Question: I recently bought a three-bedroom house and would like to rent it out as soon as possible. My property manager suggested I should do a full reno to get the best tenant. What do you think?
Answer: The first step I would recommend is to research and understand the market thoroughly. Although I believe in some cases you may get a better tenant with a better-presented property, it also comes down to a financial decision as to how much you are willing to spend on the reno and what return you will get for the money, also factoring in loss of rent and mortgage repayments during the renovation.
From understanding the current local market, what would the likely premium in rents be for a fully renovated property versus one in its original condition? Could there be a slightly cheaper alternative if your numbers don’t stack up for a full-blown reno at the moment, such as maybe updating the bathroom with a new vanity, toilet, taps and shower screen, and doing a minor facelift/refresh of the existing kitchen instead of ripping them both out and starting from scratch? Some other low-cost options that I find always yield very good ‘bang for your buck’ include a new coat of paint, new window furnishings, and polishing or carpeting the floors. These may also give you some good returns and ensure you get the best tenant.
SPOTTING DODGY TENANTS
Question: I know it’s not an exact science but, in your experience, how can you tell if a tenant is going to be a problem? I’m a bit nervous about renting my first investment property, so I need to make sure we’re getting the best tenant.

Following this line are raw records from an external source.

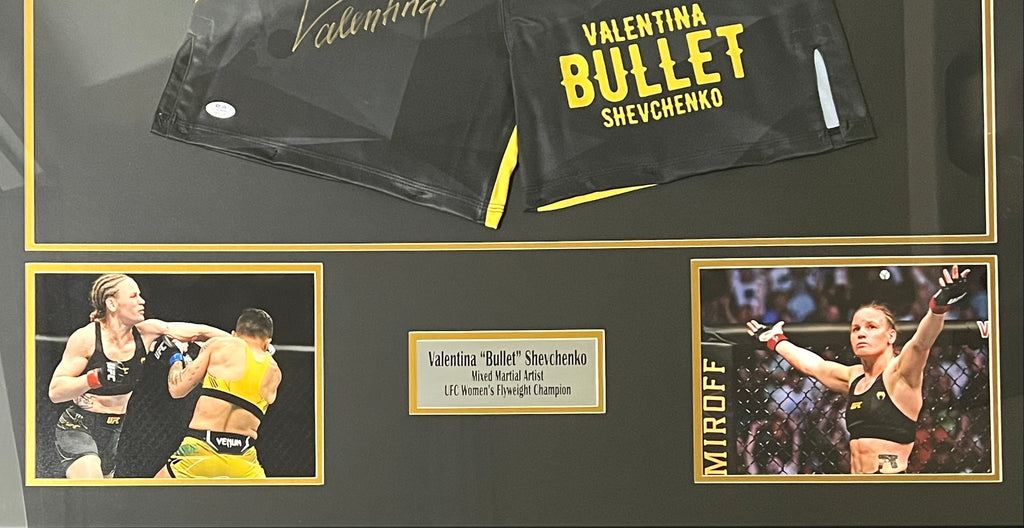 Valentina Shevchenko framed autographed signed trunks UFC PSA COA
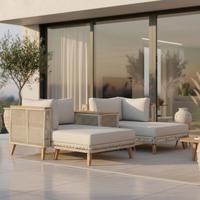 TERASOVÁ SEDACÍ SOUPRAVA MARILOU - krémová/světle šedá, Moderní, kov/dřevo - Bessagi Garden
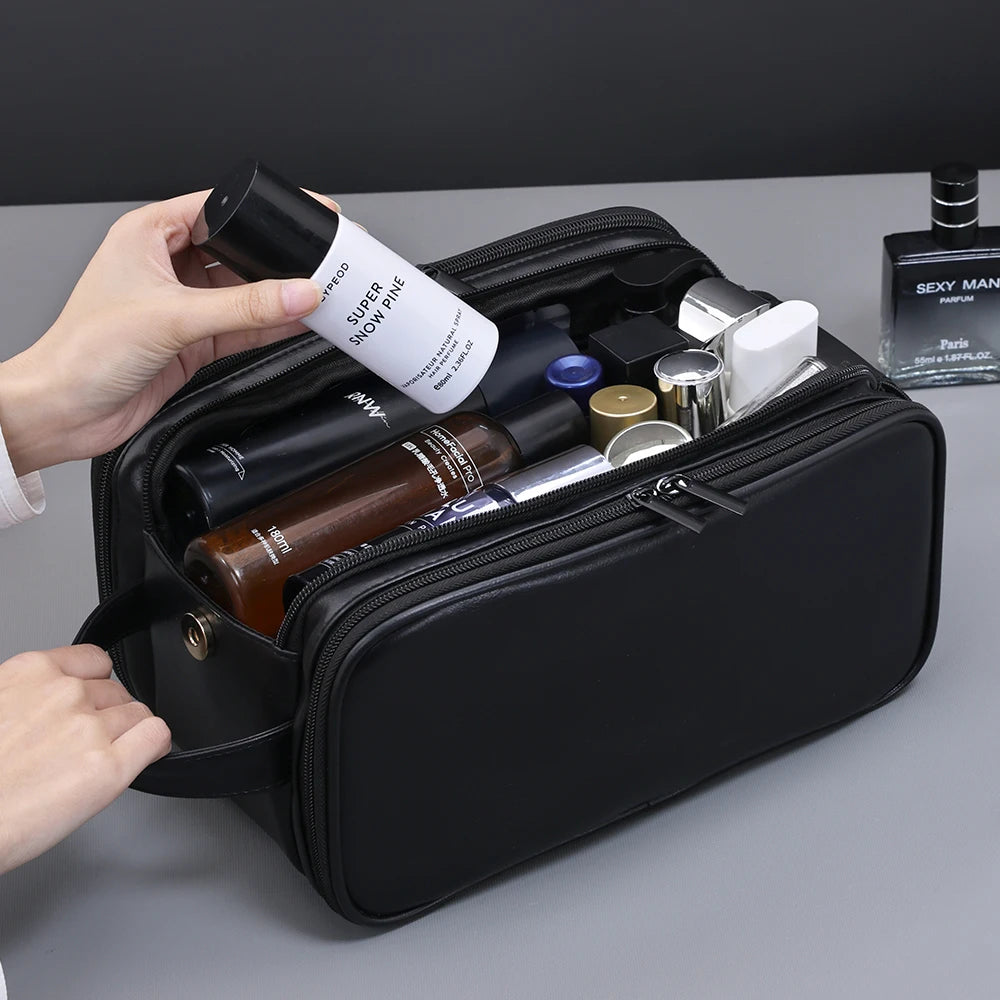Waterproof PU Toiletry Bag with Multi Pockets Travel Cosmetic Organizer for Men & Women Hanging Makeup Bag Essential for Travel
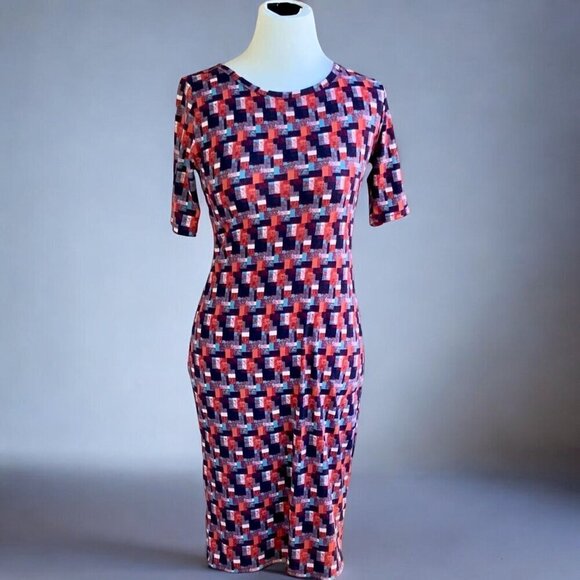 LuLaRoe The Julia Multicolor Geometric Short Sleeve Fitted Knee Midi Dress S - Picture 6 of 8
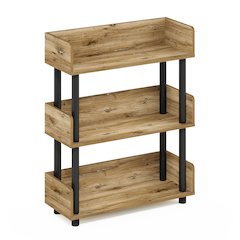 TURN-N-TUBE 3-Tier Bookshelf, Rounded Corners, 9.2x23.6x29.6, Flagstaff Oak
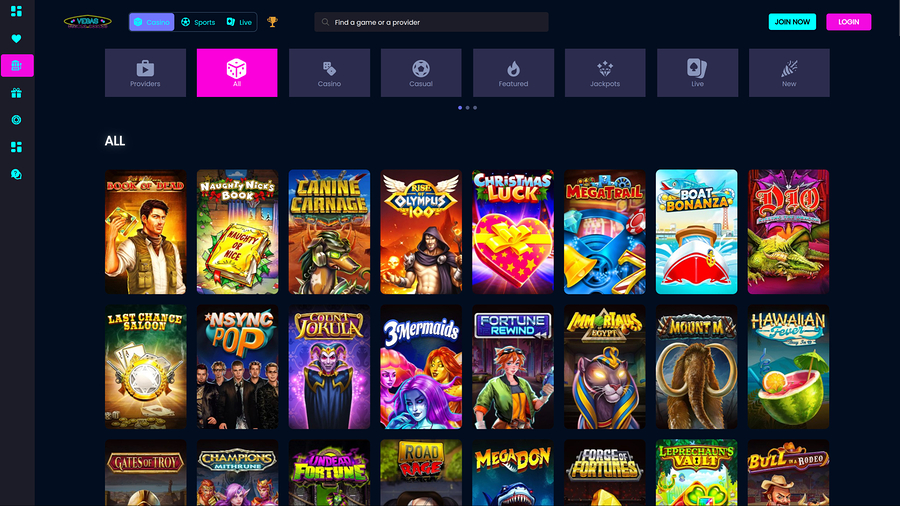 Vegas Mobile Casino Desktop Games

Answer: Yes, this is always a daunting experience, especially with all the stories you hear about ‘tenants from hell’. I believe a very big part of the selection of a suitable tenant doesn’t always come down just to their ability to pay but rather to the tenant/s themselves. This is why I believe the first step in choosing the best tenant is to meet them in person. They may look fantastic on paper, but you may get a bad vibe or gut feeling about them in person, like something just doesn’t add up about them.
Ask them questions. It doesn’t have to be entirely about their ‘rental history’. Ask some other questions (Did you grow up in this area? How long are you planning on living in the area? Where do your kids go to school? etc) that are about them personally, and see how they respond in general.
What are their personal hygiene and appearance like? If they don’t care about their own presentation, how much are they going to care about someone else’s property? Did your tenant fill out their application in full, or did they just answer the easy points and leave the hard ones out?
Interview all their references thoroughly. Double and triple check that all the information you are getting from them matches what the applicant has already told you. Or are there discrepancies; are they hiding something?
Get the tenant databases checked! You can also jump in your car and have a drive by their current address. Are their lawns mowed? Is there loads of rubbish on the outside? Are there half a dozen cars parked on the lawn? Chances are this is what your property will look like once they move in.